How well is the Postgre JSON type optimized for large JSON documents? I am especially concerned about partial retrieval (e.g. the cost of getting the last N items of a JSON array or looking up one particular item in a JSON dict) in situations where the JSON object is multiple MB in size and too large to be loaded efficiently in full.

Background: I am working with a dataset where each record has 10,000s of annotations. I do not need these annotations fully indexed, but do I need the record to insert quickly, so I am considering storing them in a JSON field instead of creating thousands of additional rows in a mapping table.
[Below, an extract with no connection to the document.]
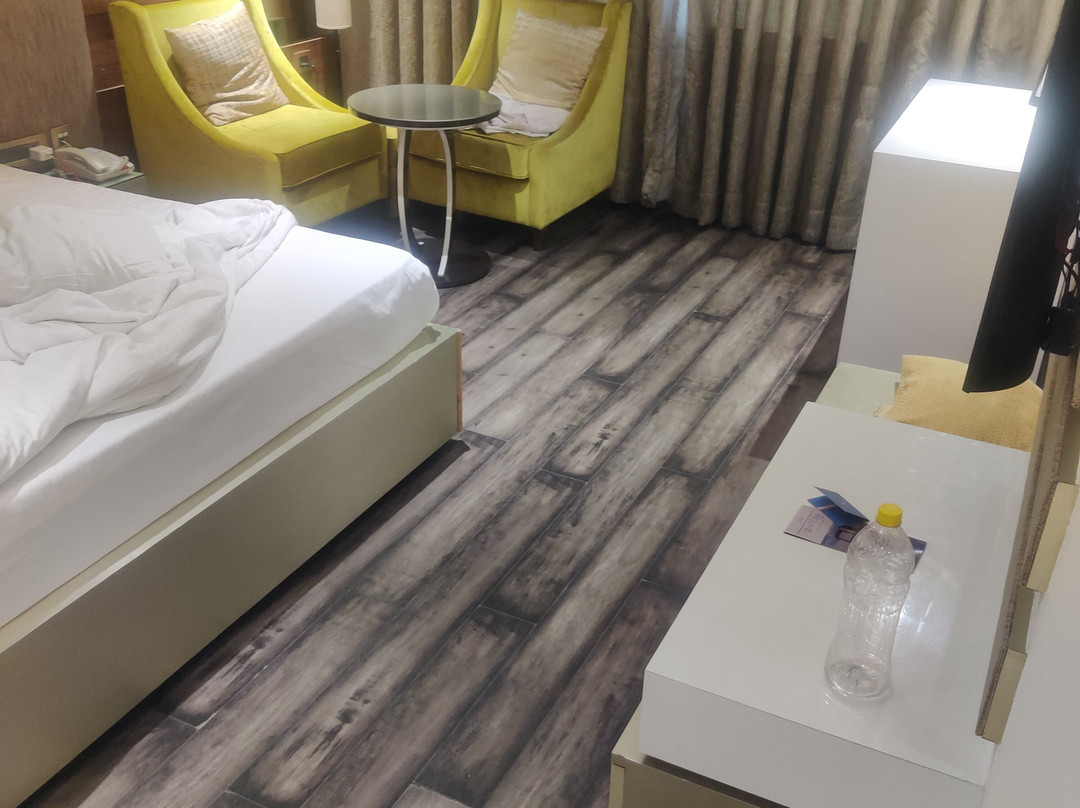 The Pristine Hotel主图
This relates to PostgreSQL 9.3.

Best Answer

In PostgreSQL 9.3, performance will be fairly poor for large json documents. The whole document must be parsed in order to access a field, index an array, etc. It's stored on disk as a simple text representation, the json text.

PostgreSQL 9.4 is likely to change this, with support for jsonb storage on disk. It'll still have to read the whole json object from disk to access any part of it, but it won't have the same kinds of parsing overheads you'll see in 9.3. It'll also gain many of the indexing features of hstore.

In 9.3, I strongly suspect that hstore, which is stored in a compact binary representation on disk and supports a variety of indexing features, is much more appropriate for your needs.